Unfortunately, there are three pervasive unchallenged academic film school traditions that better serve the institution and faculty than the film student or the film industry: the art school paradigm; the two-semester academic year; and rigid concentrations.
Virtually every film program in the world is based on a similar art school derived academic model: a faculty shepherds attending students through courses, seminars, little projects, and self-funded short films. There are four serious flaws with this model. First, it encourages competition in an industry that demands collaboration. Second, a short film is to a feature film what a short story is to a novel - many shared elements but the novel and feature film are much, much more conceptually demanding. Third, academic programs are taught by academics, not necessarily working industry professionals. Fourth, self-funded short films are a significant additional expense.
The Feature Film Conservatory is a conservatory – students learn feature filmmaking under the tutelage of over 30 working industry professionals, not just academics. These working industry professionals are not just mentors, but also the foundation for a professional film industry network.

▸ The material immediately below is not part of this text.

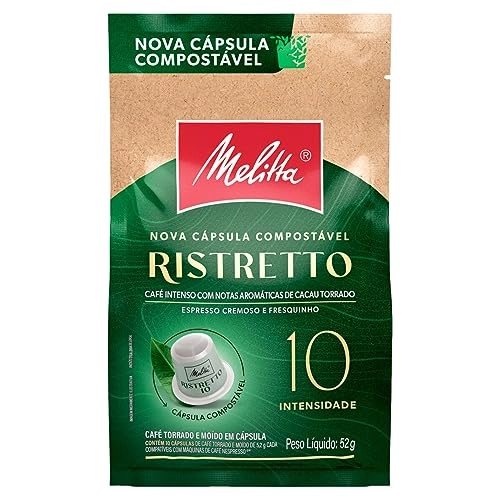 Café Em Cápsula Torrado E Moído Ristretto Espresso Melitta Pacote 52g 10 Unidades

A traditional two semester academic year does not use time efficiently. A full-time job is 40 hours per week. Because a college credit hour is 50 minutes in length, not 60 minutes, a full-time student taking 15 credits per semester attends 12.5 hours of classes per week. A traditional 15-week semester, with mandatory breaks, holidays, and exam periods, is 13 weeks long. A full-time student attending classes every day of the week during both semesters, would only attend classes 130 days a year. A full-time student receives only 162.5 hours of instruction per semester, 325 hours of instruction per year.
The Feature Film Conservatory is an efficient, accelerated, full-time degree program that requires five 8-hour days, 40 contact hours per week, for four semesters (44 weeks) for one calendar year. A full-time student attending The Feature Film Conservatory receives 440 hours of instruction per semester, 1,760 hours of instruction per year. Additionally, there is no advantage to prolonging time to degree, with the attendant living expenses and additional college fees, over several years, instead of completing a graduate education in one calendar year and immediately pursuing your career in feature films.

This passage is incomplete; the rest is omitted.